> Problem requirements
Give the entries below again, word for word, and leave out the images.
(Beginning of Records for this exercise)
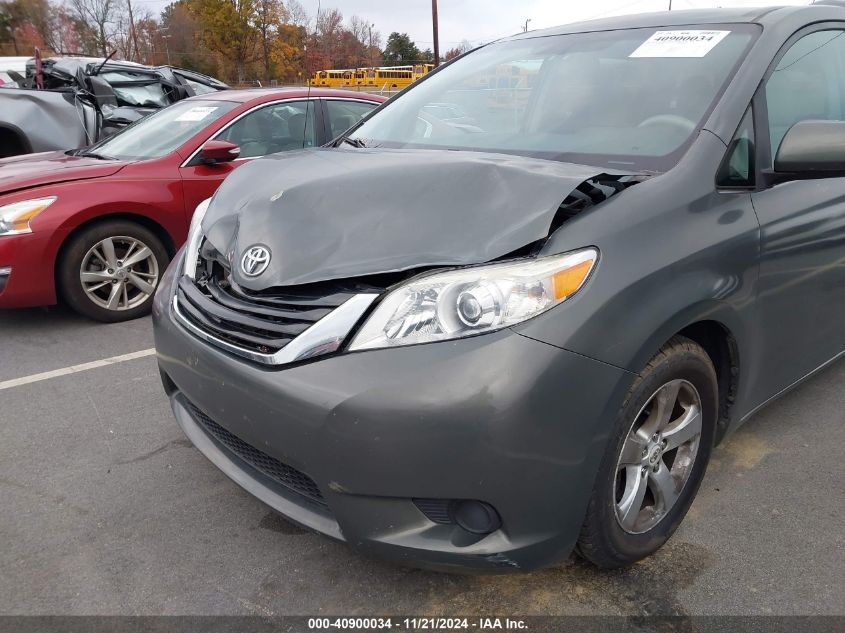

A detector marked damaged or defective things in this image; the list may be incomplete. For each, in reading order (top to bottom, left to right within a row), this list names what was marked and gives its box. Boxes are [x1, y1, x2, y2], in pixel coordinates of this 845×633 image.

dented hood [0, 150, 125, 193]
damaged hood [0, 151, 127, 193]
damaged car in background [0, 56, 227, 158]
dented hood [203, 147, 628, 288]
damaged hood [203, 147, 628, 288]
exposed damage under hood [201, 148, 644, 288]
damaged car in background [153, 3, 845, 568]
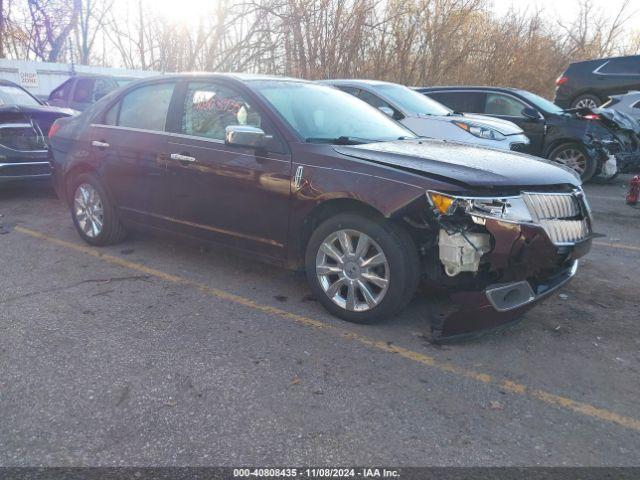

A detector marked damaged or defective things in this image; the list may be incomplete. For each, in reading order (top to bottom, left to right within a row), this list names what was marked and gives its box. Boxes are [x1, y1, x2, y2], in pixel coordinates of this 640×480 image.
(End of Records for this exercise)
> Response to this task
A detector marked damaged or defective things in this image; the list may be incomplete. For each, in reading order (top to bottom, left to right within a row), this list names what was marked and gives its box. Boxes are [x1, y1, x2, y2], in pixel coordinates of this 845×633 image.

dented hood [0, 150, 125, 193]
damaged hood [0, 151, 127, 193]
damaged car in background [0, 56, 227, 158]
dented hood [203, 147, 628, 288]
damaged hood [203, 147, 628, 288]
exposed damage under hood [201, 148, 644, 288]
damaged car in background [153, 3, 845, 568]

A detector marked damaged or defective things in this image; the list may be incomplete. For each, in reading order (top to bottom, left to right within a row), this list names what was marked and gives its box. Boxes are [x1, y1, x2, y2], in pixel coordinates of this 640×480 image.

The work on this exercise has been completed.